The privatization of our faith. The first to mention is that in the West, there has been a
divide or cleavage made between public truths and facts, and private values and opinions.
This often is simply referred to as the fact-value dichotomy. No one disputes that there

are person-relative values and opinions. Some people prefer chocolate to vanilla, and
oddly enough, some people actually prefer vanilla to chocolate. But it's merely a person's
opinion whether chocolate or vanilla really tastes better. In the West however, the domain
of what is a value or opinion extends to things such as morality and religious beliefs. What
many Christians typically misunderstand in their contemporary discussions of relativism is
that when a person declares truth to be relative, she typically means to say that all things
on the value/opinion side of the dichotomy-that is, 'truth' with a lower-case 't'-are
relative.

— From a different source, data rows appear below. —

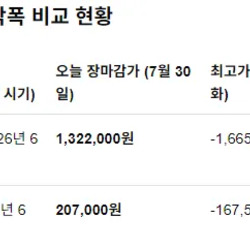 오늘자 주식 커뮤니티 일침 ㄷㄷㄷ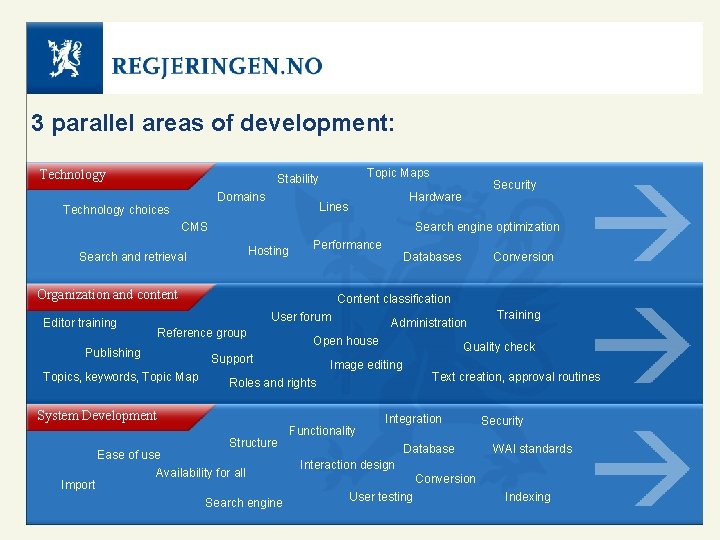 3 parallel areas of development: Technology Topic Maps Stability Domains Technology choices Lines CMS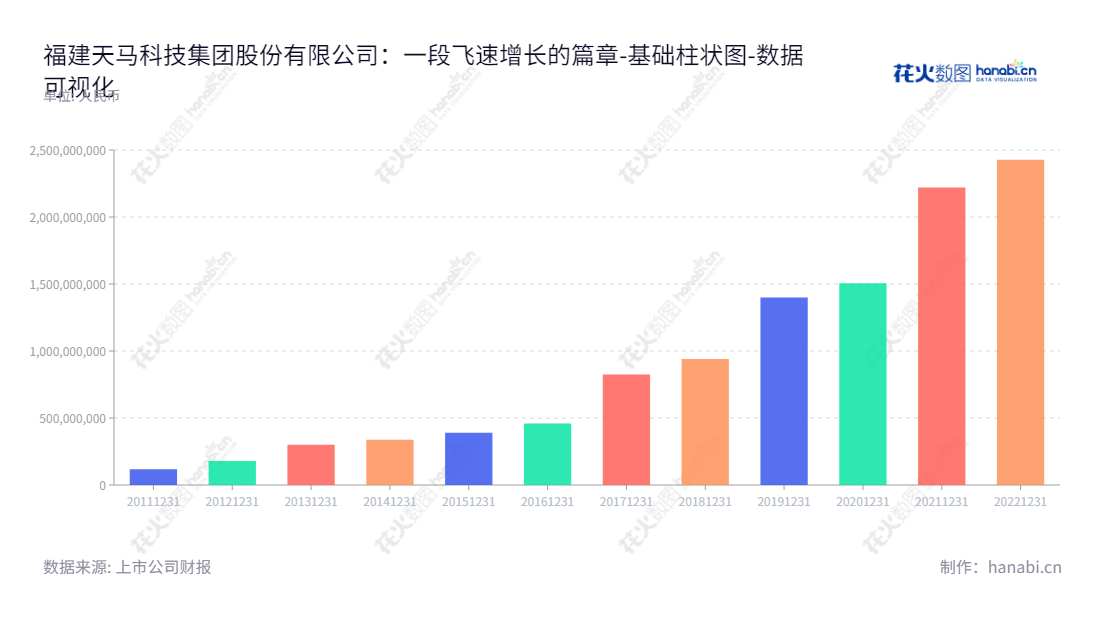 "福建天马科技集团股份有限公司（Fujian Tianma Science and Technology Group Co., Ltd.）是一家多元化现代企业，专门从事特种水产配合饲料的研发、生产和销售。位于福州市，董事长陈庆堂，总经理陈庆堂，网址为www.jolma.cn。","603668","天马科技","Tianma Science and Technology","陈庆堂","陈庆堂","国证2000","国证Ａ指","数据可视化","上市公司财报","数据分析","基础柱状图","花火数图","图表"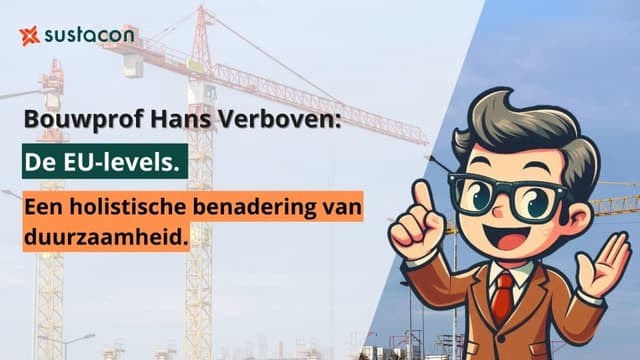 De EU-levels. Een holistische benadering van duurzaamheid.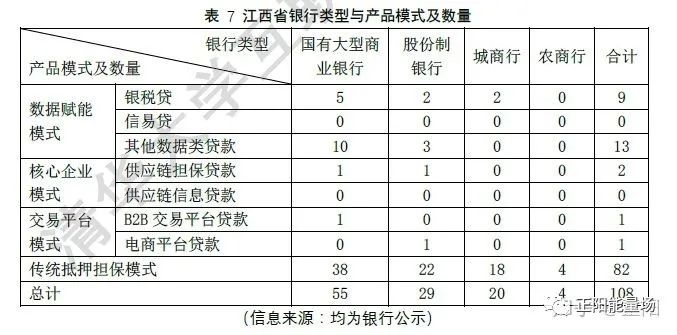 【7】全面了解小微企业信贷 - 图6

And there's where she puts religion and morality... and the Gospel.
How this plays out for us Christians in the university is that we too can easily live-even if
we say or think we don't believe-as though the Christian faith is true for those who believe
it but not for those who don't. Whether Jesus rose from the dead and was raised in power
to be the Lord and King of all reality (i.e., the Gospel!) can neither in practice nor in
principle (and maybe not even in logic) be confined to the value/opinion side of any
fact-value dichotomy. To do so will be to privatize our faith, confining it to the value side
of the dichotomy. Unless we believe the Gospel is true with a capital 'T' (as Francis
Schaefer was fond of saying), we'll make little progress in bringing all of our thinking under
Christ's kingship-and this includes our academic disciplines and professional lives. And if
we're really deficient in our thinking on this, then we won't even try to integrate our faith,
learning, and practice!
If you think about it or know anything about first-century life in the Greco-Roman world,
you'll know that the early Christians always had the option of making Christianity a
privatized religion. This certainly would have made life in pagan cultures much easier.
There would have been no martyrs precisely because that "gospel" would have been no
threat or challenge to the culture and "the powers that be"! But it also would have been a
denial of Jesus Christ as Lord and King over all creation. It simply was not an option given
their understanding and knowledge of Jesus Christ in whom they had put their faith. So
too we must regain confidence in the Truth of the Gospel-and not be ashamed of it (cf.
Paul in Romans 1.16f). We must repent and believe the good news of the kingdom of God,
and then orient all aspects of our lives around this Gospel.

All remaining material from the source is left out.